From Eugene to Gainesville

It was the video killed it for me. Not in the Buggles, image trumps talent way, but because it had been floundering for some time and was going to come to an end sooner than later. By now music has broadened itself across so many mediums I wonder just how much control the individual has over the whole musical experience/consumption? Is it possible to avoid taking part in the packaged show? Would it have made a difference? I doubt it.

I was in my dorm room sometime in the winter of 03’. After a casual exchange about music with a friend from the dorms he mentioned that he had got word of this great band, “if you got the time for a listen,” kind of conversation. I would listen and keep listening but it wasn’t till the summer when the hooks had really sunk into me. For the scope of my college years I would hold onto them like my nights of Blue Ribbon.
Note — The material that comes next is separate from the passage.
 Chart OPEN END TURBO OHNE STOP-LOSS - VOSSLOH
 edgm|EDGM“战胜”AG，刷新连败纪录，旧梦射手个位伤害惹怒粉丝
Headphones on the way to class, screamed through the early morning, sweat in the carpet floor.

a poetry spoken silently between me and the stereo

New Wave is Against Me!’s newest release and has put me to scale for the past months. I guess that everyone has a band or two that they hold onto through the years and in the process becomes something tangible to identify with, such is our post-modern world. Wave is a sign that the band is looking for a new/bigger audience. In the “Thrash Unreal” video the band plays while fake wine is poured on them, and Tom Gabel(songwriter/frontman) is shirtless like some boy-band/TRL gimmick. On the bands previous album, Searching for a Former Clarity (2005), the songs differed from their early work as well, but wasn’t reaching just for the sake of it. The production had cleaned up, there were songs you could dance to, new instruments; signs of a band maturing and taking chances. On New Wave, all of these qualities are pushed to the front, “Stop” is a straight up dance song, “Borne on the FM Waves” is a love ballad first, and “Animal” abandons Punk for Alternative accessibility. The album isn’t a complete loss, "Americans Abroad" and the title track come to mind, but I can’t deny the feeling that the glass is half empty. I have always found Punk's idealism a bit romantic, and such great intentions are probably doomed from the start.

So what now? Maybe I should write them off, another tragic casualty to the money and mob? Maybe I can forget all the times that I sung off key, forgot the lyrics, and still - remember nothing less? I doubt it.